- YOUR INSTRUCTIONS
Only the lines of the listing below that run from the line with "Btm Upholstered Hydraulic" through the line with "For Xiaomi 13" are to be set down, word for word. Pictures stay out.

*** Opening of PROVIDED DATA ***

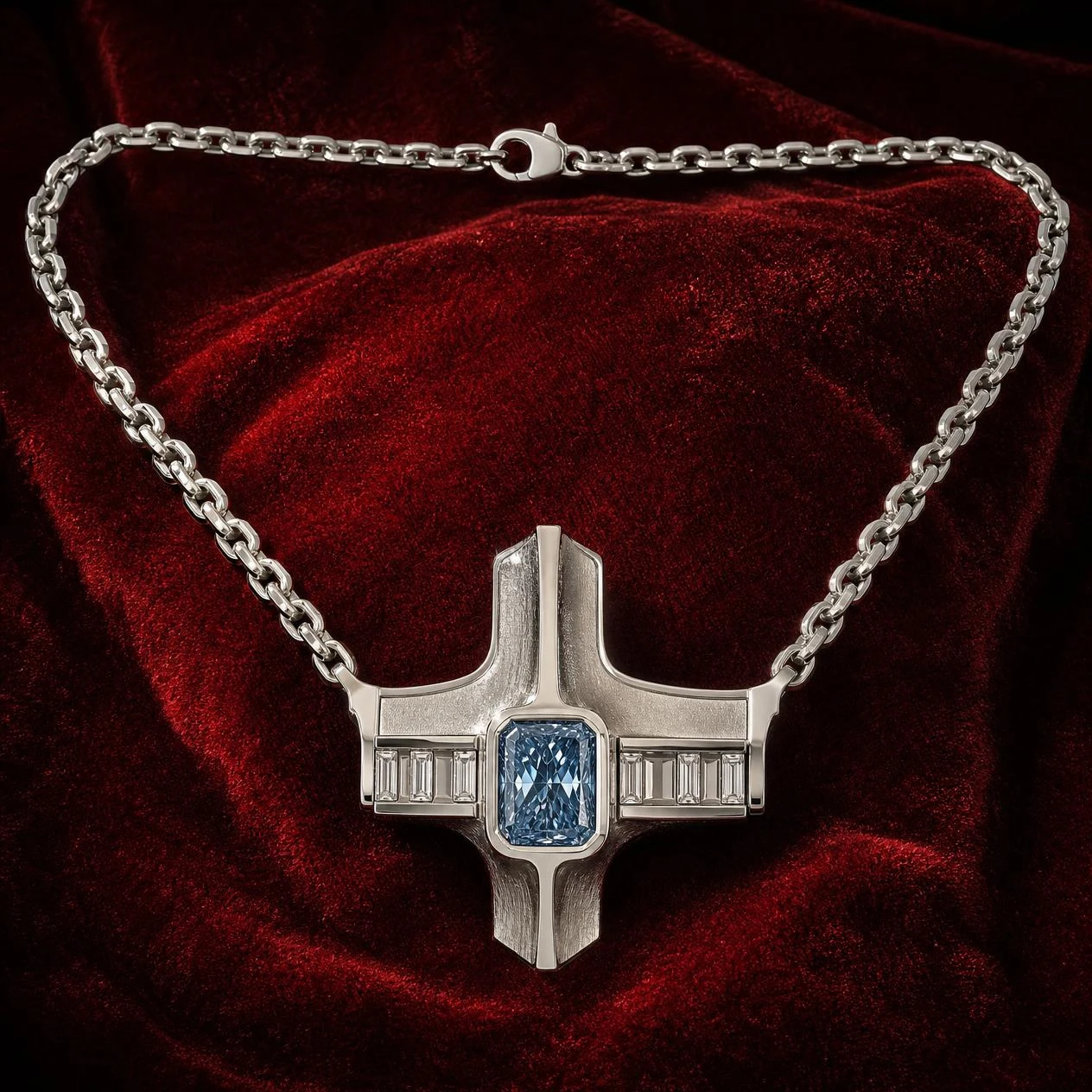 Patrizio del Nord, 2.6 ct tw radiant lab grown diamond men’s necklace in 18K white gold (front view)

*** Close of PROVIDED DATA ***
*** Opening of PROVIDED DATA ***

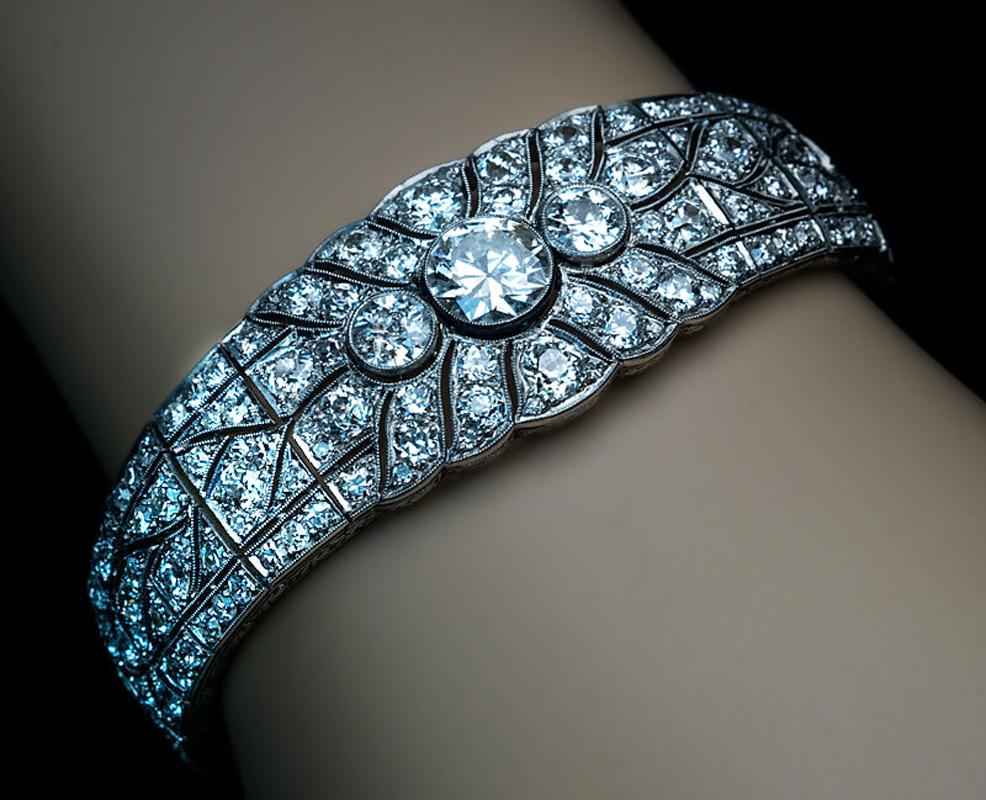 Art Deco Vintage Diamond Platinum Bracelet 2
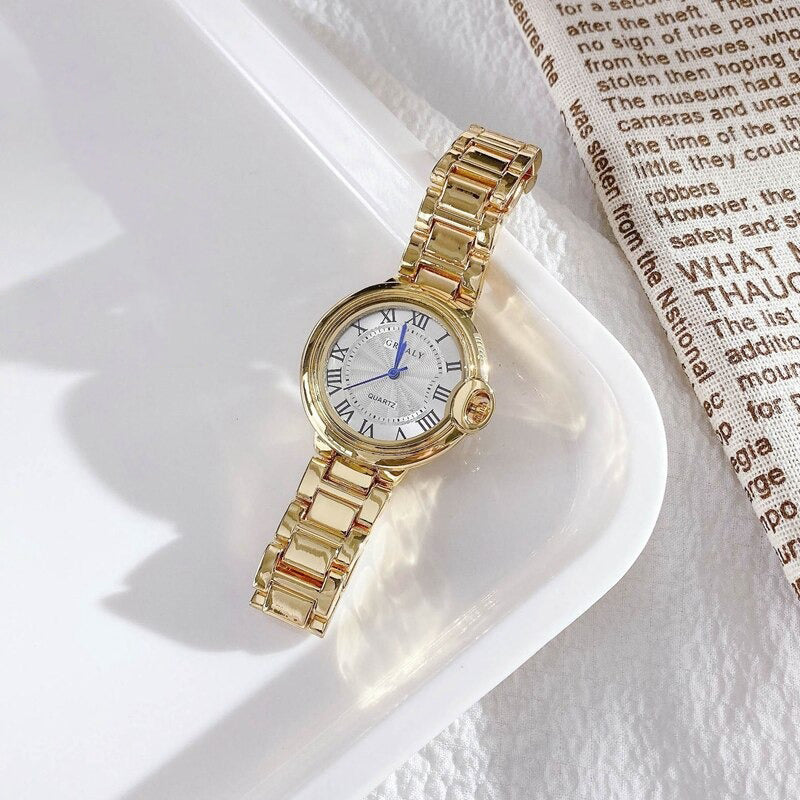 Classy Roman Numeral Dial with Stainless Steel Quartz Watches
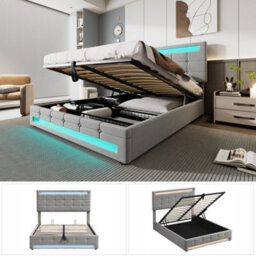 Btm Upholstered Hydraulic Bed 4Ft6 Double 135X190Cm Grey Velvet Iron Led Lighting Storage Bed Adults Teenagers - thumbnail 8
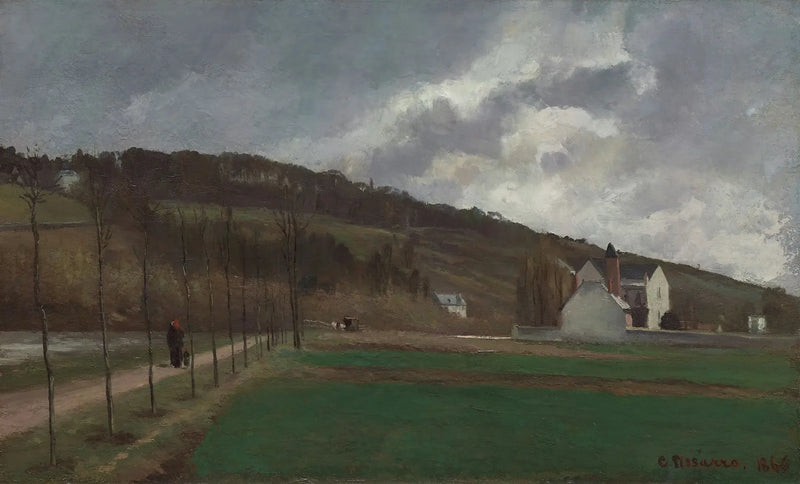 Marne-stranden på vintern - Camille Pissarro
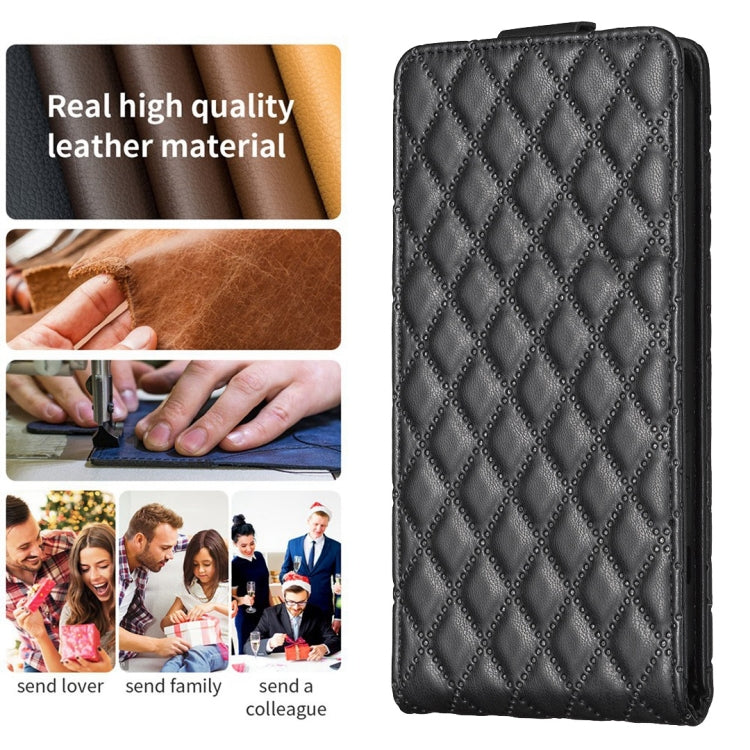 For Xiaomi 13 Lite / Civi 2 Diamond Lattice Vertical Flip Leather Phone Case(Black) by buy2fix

*** Close of PROVIDED DATA ***
*** Opening of PROVIDED DATA ***

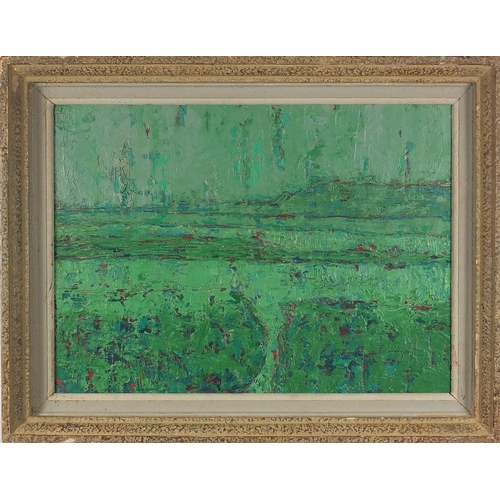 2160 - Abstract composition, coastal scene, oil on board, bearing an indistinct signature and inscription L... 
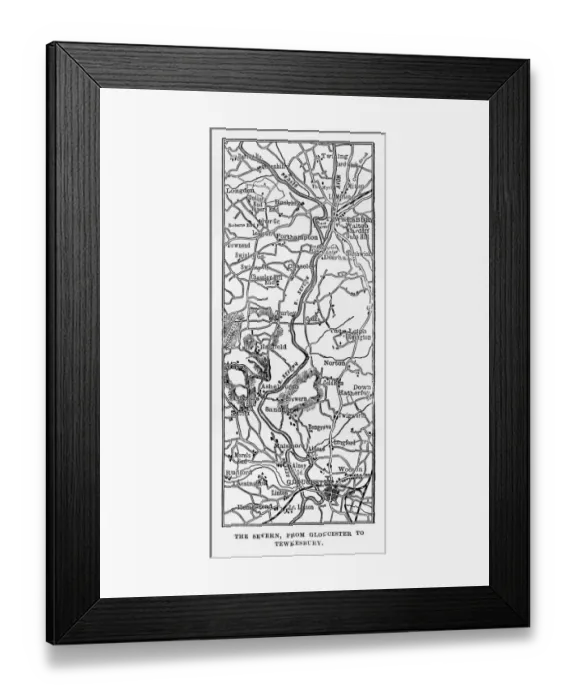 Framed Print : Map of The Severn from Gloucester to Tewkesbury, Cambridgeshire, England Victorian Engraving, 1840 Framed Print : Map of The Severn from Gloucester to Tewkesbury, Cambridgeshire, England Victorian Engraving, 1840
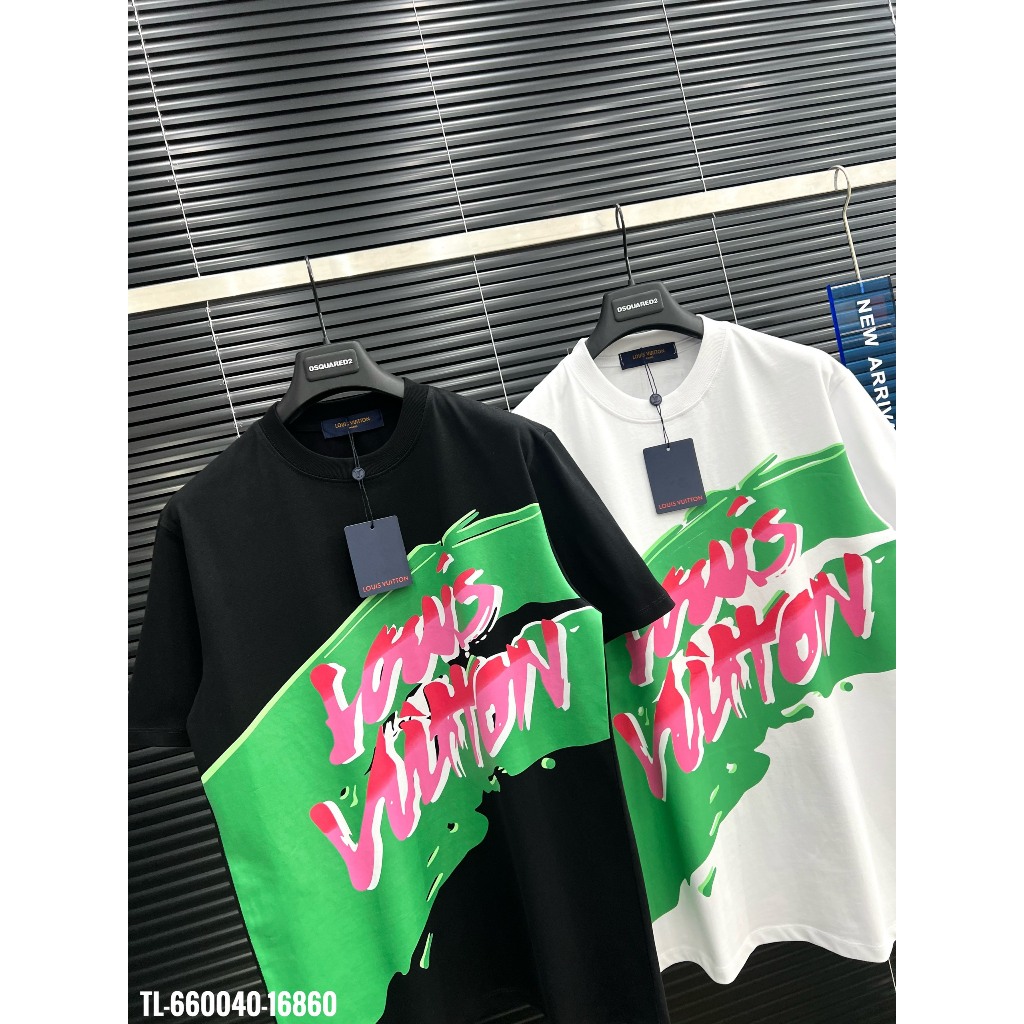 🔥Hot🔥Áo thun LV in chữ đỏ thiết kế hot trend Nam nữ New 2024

*** Close of PROVIDED DATA ***

- TASK SOLUTION
 Btm Upholstered Hydraulic Bed 4Ft6 Double 135X190Cm Grey Velvet Iron Led Lighting Storage Bed Adults Teenagers - thumbnail 8
 Marne-stranden på vintern - Camille Pissarro
 For Xiaomi 13 Lite / Civi 2 Diamond Lattice Vertical Flip Leather Phone Case(Black) by buy2fix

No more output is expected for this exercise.